* _WHAT IS NEEDED_
Find the line below with "Report. . .". Print it and every line after it exactly, through the last line, leaving out the pictures.

* _THE INPUT_
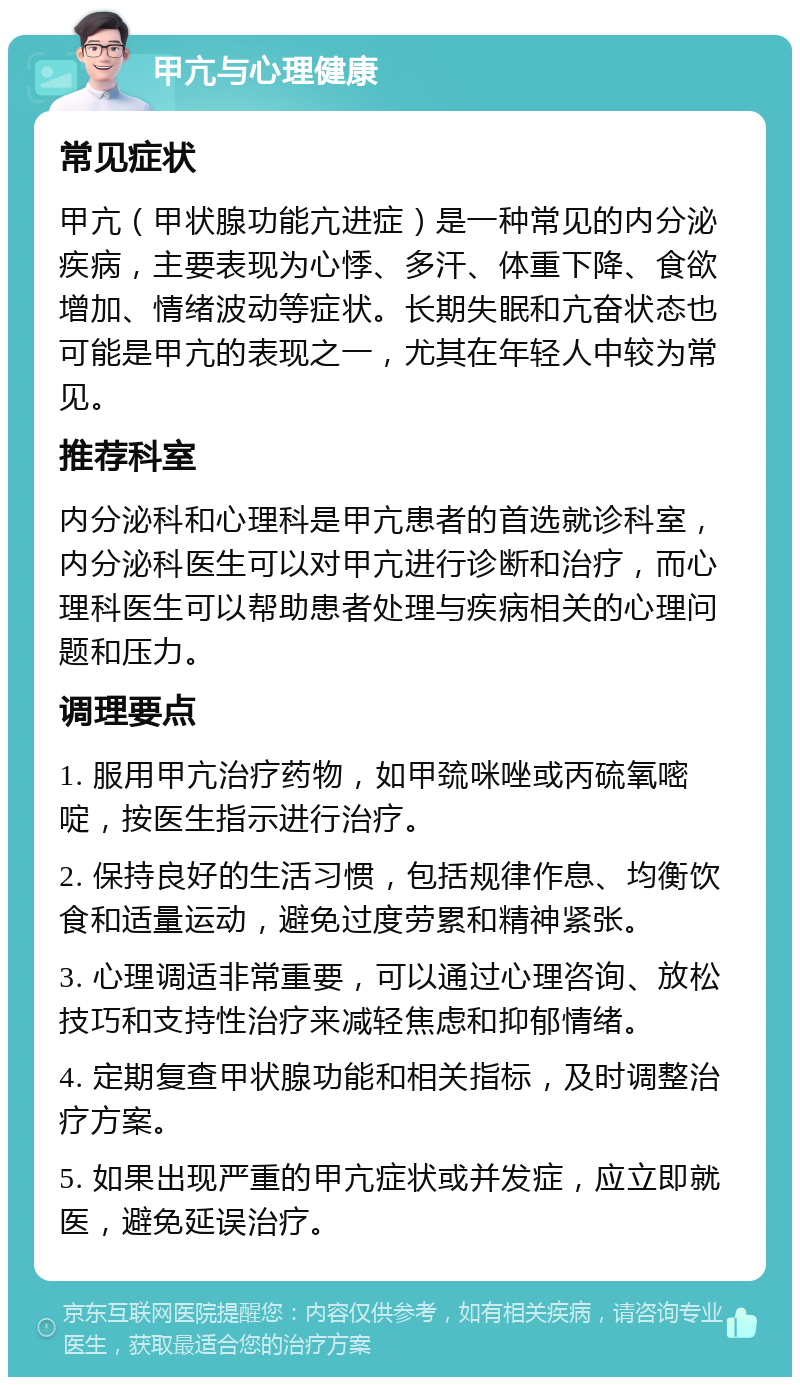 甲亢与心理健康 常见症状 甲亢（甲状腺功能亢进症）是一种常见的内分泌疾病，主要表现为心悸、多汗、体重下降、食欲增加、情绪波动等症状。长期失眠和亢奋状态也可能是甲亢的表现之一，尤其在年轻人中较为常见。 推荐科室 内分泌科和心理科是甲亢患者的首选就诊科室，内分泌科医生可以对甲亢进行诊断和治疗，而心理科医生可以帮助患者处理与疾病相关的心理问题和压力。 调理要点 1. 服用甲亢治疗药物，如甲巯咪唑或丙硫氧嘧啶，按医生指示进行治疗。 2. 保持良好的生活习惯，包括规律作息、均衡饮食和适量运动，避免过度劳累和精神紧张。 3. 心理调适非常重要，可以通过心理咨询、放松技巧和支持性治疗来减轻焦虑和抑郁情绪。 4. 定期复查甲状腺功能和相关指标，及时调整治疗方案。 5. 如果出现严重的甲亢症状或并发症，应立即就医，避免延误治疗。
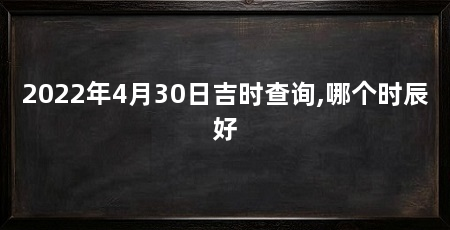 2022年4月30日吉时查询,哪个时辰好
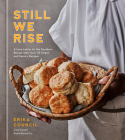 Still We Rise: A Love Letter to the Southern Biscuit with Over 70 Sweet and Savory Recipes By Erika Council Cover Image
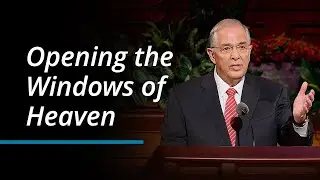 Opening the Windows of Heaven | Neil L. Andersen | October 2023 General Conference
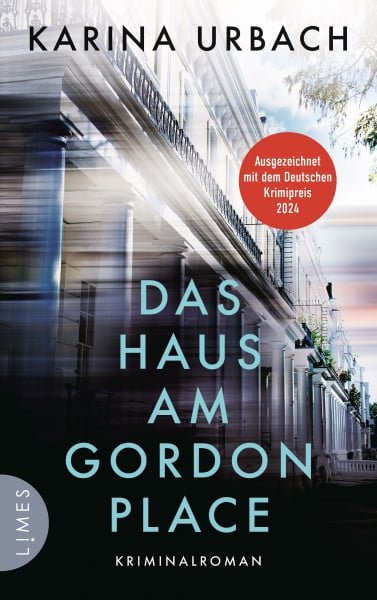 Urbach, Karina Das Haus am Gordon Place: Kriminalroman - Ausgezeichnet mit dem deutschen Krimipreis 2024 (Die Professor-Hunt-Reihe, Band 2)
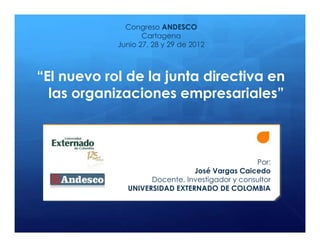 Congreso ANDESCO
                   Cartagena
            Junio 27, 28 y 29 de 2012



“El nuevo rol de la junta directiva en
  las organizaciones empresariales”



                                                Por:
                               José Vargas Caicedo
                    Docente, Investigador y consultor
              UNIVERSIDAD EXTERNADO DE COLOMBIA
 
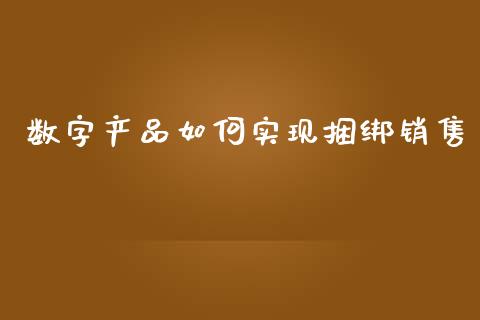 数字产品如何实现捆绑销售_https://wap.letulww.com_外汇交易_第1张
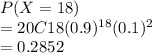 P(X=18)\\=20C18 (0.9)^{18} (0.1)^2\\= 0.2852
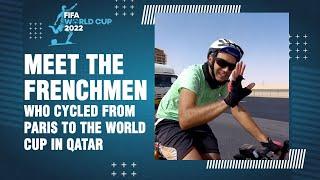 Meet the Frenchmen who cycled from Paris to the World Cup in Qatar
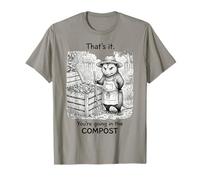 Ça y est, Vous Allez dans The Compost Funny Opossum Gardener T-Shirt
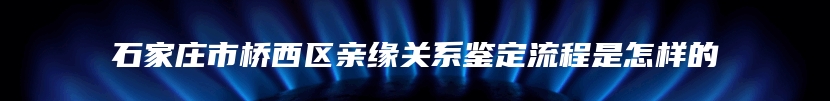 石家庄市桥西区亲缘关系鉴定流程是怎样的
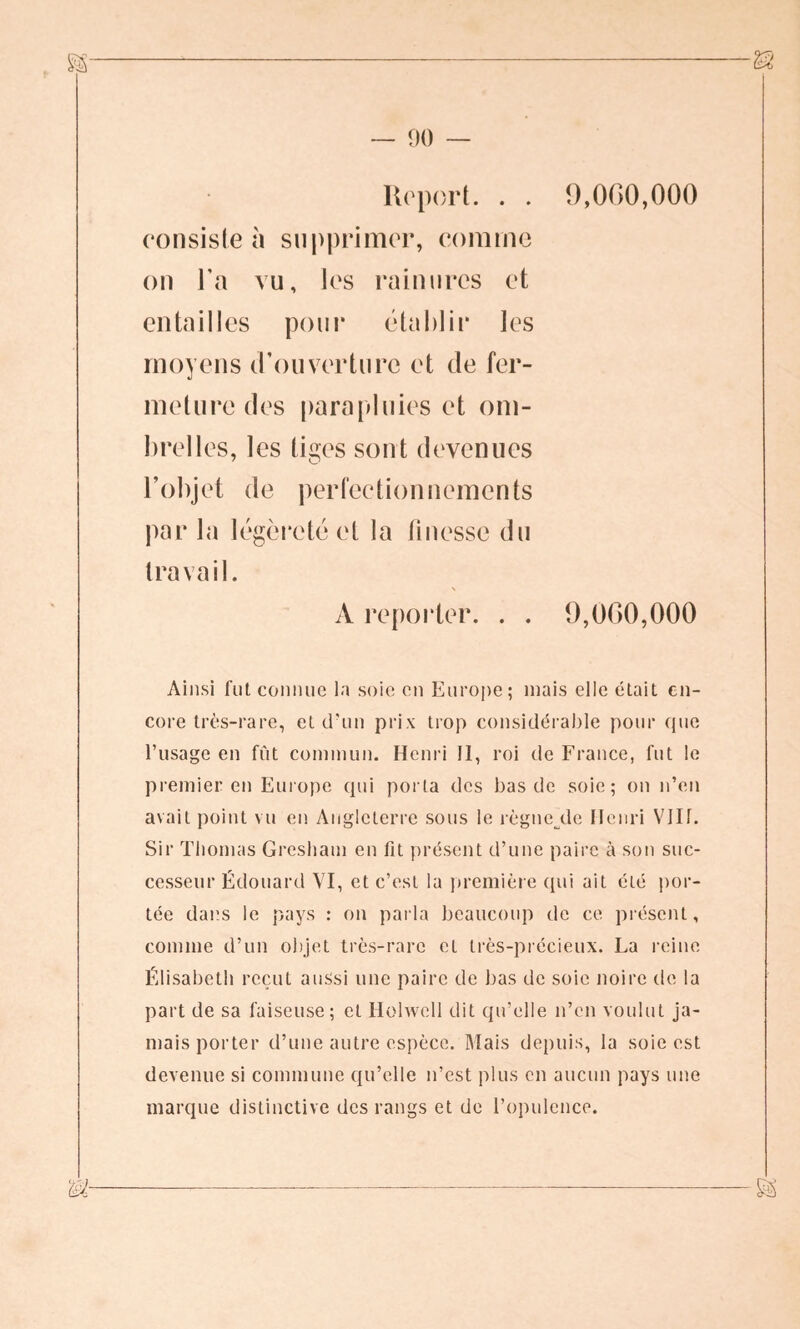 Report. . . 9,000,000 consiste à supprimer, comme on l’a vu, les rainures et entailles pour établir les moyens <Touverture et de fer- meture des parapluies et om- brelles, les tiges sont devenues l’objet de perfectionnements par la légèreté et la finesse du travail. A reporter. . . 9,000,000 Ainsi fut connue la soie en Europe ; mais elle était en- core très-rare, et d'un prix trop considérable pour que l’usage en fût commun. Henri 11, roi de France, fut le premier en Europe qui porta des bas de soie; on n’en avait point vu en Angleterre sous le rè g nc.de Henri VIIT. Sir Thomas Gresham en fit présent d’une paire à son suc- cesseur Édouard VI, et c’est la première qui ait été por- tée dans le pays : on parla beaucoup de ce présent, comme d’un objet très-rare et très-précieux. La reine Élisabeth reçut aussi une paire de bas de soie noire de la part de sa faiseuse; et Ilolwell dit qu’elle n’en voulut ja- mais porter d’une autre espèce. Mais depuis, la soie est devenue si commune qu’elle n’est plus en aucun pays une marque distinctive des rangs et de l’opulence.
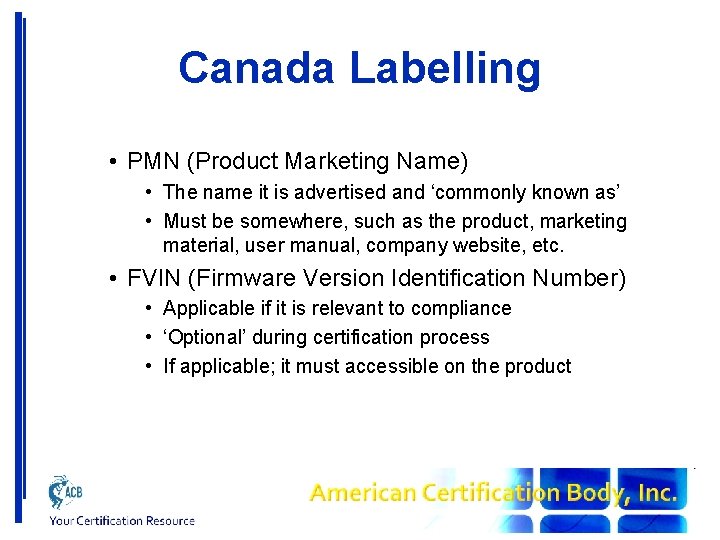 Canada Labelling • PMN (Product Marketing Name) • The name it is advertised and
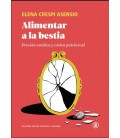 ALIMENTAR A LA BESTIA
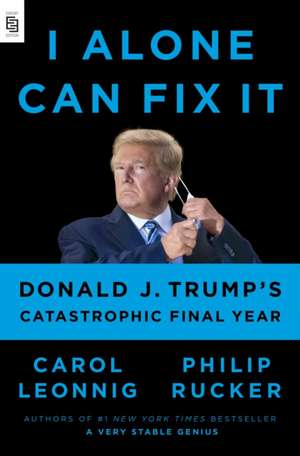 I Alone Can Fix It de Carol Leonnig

* _RESPONSE TO THE TASK_
 Report. . . 9,000,000 consiste à supprimer, comme on l’a vu, les rainures et entailles pour établir les moyens <Touverture et de fer- meture des parapluies et om- brelles, les tiges sont devenues l’objet de perfectionnements par la légèreté et la finesse du travail. A reporter. . . 9,000,000 Ainsi fut connue la soie en Europe ; mais elle était en- core très-rare, et d'un prix trop considérable pour que l’usage en fût commun. Henri 11, roi de France, fut le premier en Europe qui porta des bas de soie; on n’en avait point vu en Angleterre sous le rè g nc.de Henri VIIT. Sir Thomas Gresham en fit présent d’une paire à son suc- cesseur Édouard VI, et c’est la première qui ait été por- tée dans le pays : on parla beaucoup de ce présent, comme d’un objet très-rare et très-précieux. La reine Élisabeth reçut aussi une paire de bas de soie noire de la part de sa faiseuse; et Ilolwell dit qu’elle n’en voulut ja- mais porter d’une autre espèce. Mais depuis, la soie est devenue si commune qu’elle n’est plus en aucun pays une marque distinctive des rangs et de l’opulence.
 Canada Labelling • PMN (Product Marketing Name) • The name it is advertised and
 ALIMENTAR A LA BESTIA
 I Alone Can Fix It de Carol Leonnig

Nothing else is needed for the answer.